Rechtbank Arnhem, 01-12-2006, AZ7325, AWB 06/2523
Rechtbank Arnhem, 01-12-2006, AZ7325, AWB 06/2523
Gegevens
- Instantie
- Rechtbank Arnhem
- Datum uitspraak
- 1 december 2006
- Datum publicatie
- 30 januari 2007
- ECLI
- ECLI:NL:RBARN:2006:AZ7325
- Zaaknummer
- AWB 06/2523
Inhoudsindicatie
Successiewet. Geen algemeen nut beogende instelling. Activiteiten bestaan hoofdzakelijk uit exploitatie dorpshuis.
Uitspraak
RECHTBANK ARNHEM
Sector bestuursrecht, meervoudige belastingkamer
Procedurenummer: AWB 06/2523
Uitspraakdatum: 1 december 2006
Uitspraak als bedoeld in artikel 8:77 van de Algemene wet bestuursrecht (Awb) in het geding tussen
Stichting [dorpshuis], gevestigd te [Z], eiseres,
en
de inspecteur van de Belastingdienst [te P], verweerder.

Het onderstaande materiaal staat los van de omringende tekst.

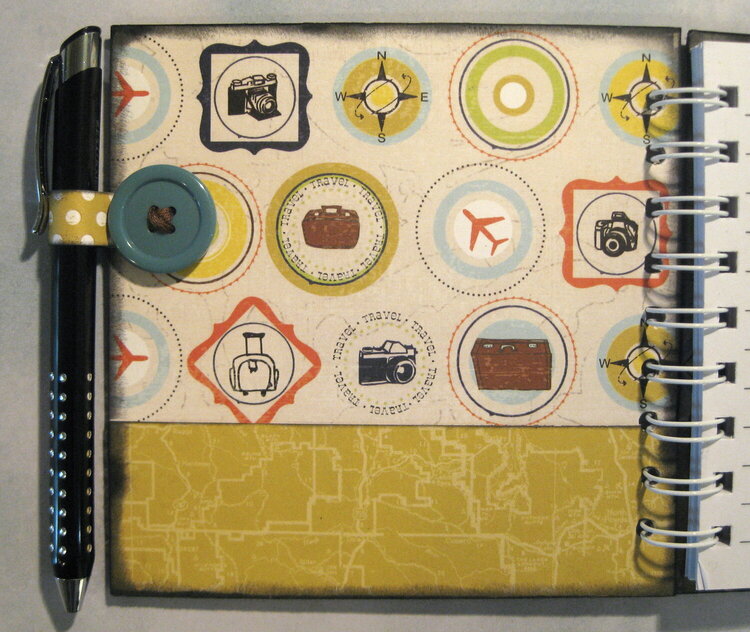 Travel notebook / journal - inside front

1. Ontstaan en loop van het geding
1.1 Verweerder heeft aan eiseres met dagtekening 22 juni 2005 een aanslag ([aanslagnummer]) recht van successie opgelegd.
1.2 Verweerder heeft bij uitspraak van 15 maart 2006 het bezwaar niet-ontvankelijk verklaard.
1.3 Eiseres heeft daartegen bij brief van 24 april 2006, ontvangen bij de rechtbank op 26 april 2006, beroep ingesteld.
1.4 Verweerder heeft de op de zaak betrekking hebbende stukken overgelegd en een verweerschrift ingediend.
1.5 Het onderzoek ter zitting heeft plaatsgevonden op 23 november 2006 te Arnhem.
Eiseres is daar vertegenwoordigd door haar voorzitter, [voorzitter], bijgestaan door [gemachtigde]. Namens verweerder zijn verschenen [gemachtigde] en [gemachtigde].
2. Feiten
Op grond van de stukken van het geding en het verhandelde ter zitting staat het volgende vast.
2.1 Eiseres is als vereniging opgericht in [jaartal]. Bij statutenwijziging van 9 februari 2001 is de rechtsvorm omgezet in een stichting.
Volgens artikel 2, lid 1, van de Akte van omzetting heeft de stichting ten doel:
‘a. het instandhouden en exploiteren van een gebouw – [dorpshuis] – in [Z] ([provincie]), gemeente [plaats], ten behoeve van de stimulering van het [Z] gemeenschapsleven, …;
b. het verrichten van alle verdere handelingen, die met het vorenstaande in de ruimste zin verband houden of daartoe bevorderlijk kunnen zijn’.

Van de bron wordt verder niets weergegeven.